▶ _Task to carry out_
From the entries below, output the line with "Hezká dívka drží" and each following line up to and including the line with "Dark acqua blue feather fascinator hat", exactly as written.

───── Task input

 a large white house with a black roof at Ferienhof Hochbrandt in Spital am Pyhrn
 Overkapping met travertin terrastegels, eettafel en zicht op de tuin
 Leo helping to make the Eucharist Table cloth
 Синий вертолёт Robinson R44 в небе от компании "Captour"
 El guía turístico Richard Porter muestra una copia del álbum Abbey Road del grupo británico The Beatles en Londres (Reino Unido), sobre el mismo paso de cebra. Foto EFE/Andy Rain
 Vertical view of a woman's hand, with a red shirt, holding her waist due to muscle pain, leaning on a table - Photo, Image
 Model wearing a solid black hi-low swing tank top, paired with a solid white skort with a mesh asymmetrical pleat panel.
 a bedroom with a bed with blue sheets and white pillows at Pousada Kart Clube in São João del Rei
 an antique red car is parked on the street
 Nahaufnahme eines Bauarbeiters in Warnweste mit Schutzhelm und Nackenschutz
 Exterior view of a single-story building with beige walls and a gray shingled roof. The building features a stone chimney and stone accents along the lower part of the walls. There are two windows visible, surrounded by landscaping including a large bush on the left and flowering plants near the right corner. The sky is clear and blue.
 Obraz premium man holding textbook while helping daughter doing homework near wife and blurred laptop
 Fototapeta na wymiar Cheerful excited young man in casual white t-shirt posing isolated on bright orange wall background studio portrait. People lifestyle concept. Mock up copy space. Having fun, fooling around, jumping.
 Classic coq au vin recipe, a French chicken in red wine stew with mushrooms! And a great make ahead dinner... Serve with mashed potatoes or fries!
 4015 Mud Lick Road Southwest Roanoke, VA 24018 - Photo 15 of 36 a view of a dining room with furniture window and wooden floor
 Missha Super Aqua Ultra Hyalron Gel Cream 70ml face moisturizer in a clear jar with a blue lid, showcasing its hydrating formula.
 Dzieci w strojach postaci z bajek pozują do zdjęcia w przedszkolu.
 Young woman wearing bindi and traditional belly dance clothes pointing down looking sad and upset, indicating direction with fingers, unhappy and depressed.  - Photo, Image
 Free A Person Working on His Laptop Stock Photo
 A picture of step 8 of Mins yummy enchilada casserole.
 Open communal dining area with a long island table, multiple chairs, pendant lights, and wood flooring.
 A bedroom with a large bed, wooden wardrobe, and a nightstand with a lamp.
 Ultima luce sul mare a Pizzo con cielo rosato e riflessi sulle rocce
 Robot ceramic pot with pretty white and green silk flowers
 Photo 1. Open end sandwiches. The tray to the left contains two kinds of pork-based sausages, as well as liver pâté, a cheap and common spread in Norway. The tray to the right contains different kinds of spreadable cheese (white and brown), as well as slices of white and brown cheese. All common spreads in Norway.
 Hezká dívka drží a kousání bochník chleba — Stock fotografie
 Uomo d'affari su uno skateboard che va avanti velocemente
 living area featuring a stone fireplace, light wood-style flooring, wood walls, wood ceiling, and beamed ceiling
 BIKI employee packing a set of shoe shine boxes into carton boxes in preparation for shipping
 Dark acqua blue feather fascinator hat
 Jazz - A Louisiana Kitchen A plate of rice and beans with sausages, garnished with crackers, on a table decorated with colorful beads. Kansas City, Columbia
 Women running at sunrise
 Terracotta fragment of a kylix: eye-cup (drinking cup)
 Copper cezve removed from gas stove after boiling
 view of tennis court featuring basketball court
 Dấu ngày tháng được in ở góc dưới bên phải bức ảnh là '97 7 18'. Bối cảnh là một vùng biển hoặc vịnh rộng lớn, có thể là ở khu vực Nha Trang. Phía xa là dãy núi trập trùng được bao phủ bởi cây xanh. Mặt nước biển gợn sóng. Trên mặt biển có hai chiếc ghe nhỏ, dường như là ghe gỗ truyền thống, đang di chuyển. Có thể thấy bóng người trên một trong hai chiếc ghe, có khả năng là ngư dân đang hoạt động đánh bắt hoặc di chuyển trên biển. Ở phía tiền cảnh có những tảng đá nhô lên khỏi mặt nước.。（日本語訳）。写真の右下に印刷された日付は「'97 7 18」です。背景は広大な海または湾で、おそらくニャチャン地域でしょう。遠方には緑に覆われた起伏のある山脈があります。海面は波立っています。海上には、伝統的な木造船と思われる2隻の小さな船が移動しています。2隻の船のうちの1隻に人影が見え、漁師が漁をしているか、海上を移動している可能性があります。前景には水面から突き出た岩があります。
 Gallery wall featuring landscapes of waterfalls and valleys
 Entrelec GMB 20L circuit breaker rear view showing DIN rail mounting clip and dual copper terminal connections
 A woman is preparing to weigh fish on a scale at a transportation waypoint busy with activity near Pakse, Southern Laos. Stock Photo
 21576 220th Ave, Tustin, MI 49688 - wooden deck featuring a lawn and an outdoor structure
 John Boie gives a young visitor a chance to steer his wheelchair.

──────────

▶ _Answer to this task_
 Hezká dívka drží a kousání bochník chleba — Stock fotografie
 Uomo d'affari su uno skateboard che va avanti velocemente
 living area featuring a stone fireplace, light wood-style flooring, wood walls, wood ceiling, and beamed ceiling
 BIKI employee packing a set of shoe shine boxes into carton boxes in preparation for shipping
 Dark acqua blue feather fascinator hat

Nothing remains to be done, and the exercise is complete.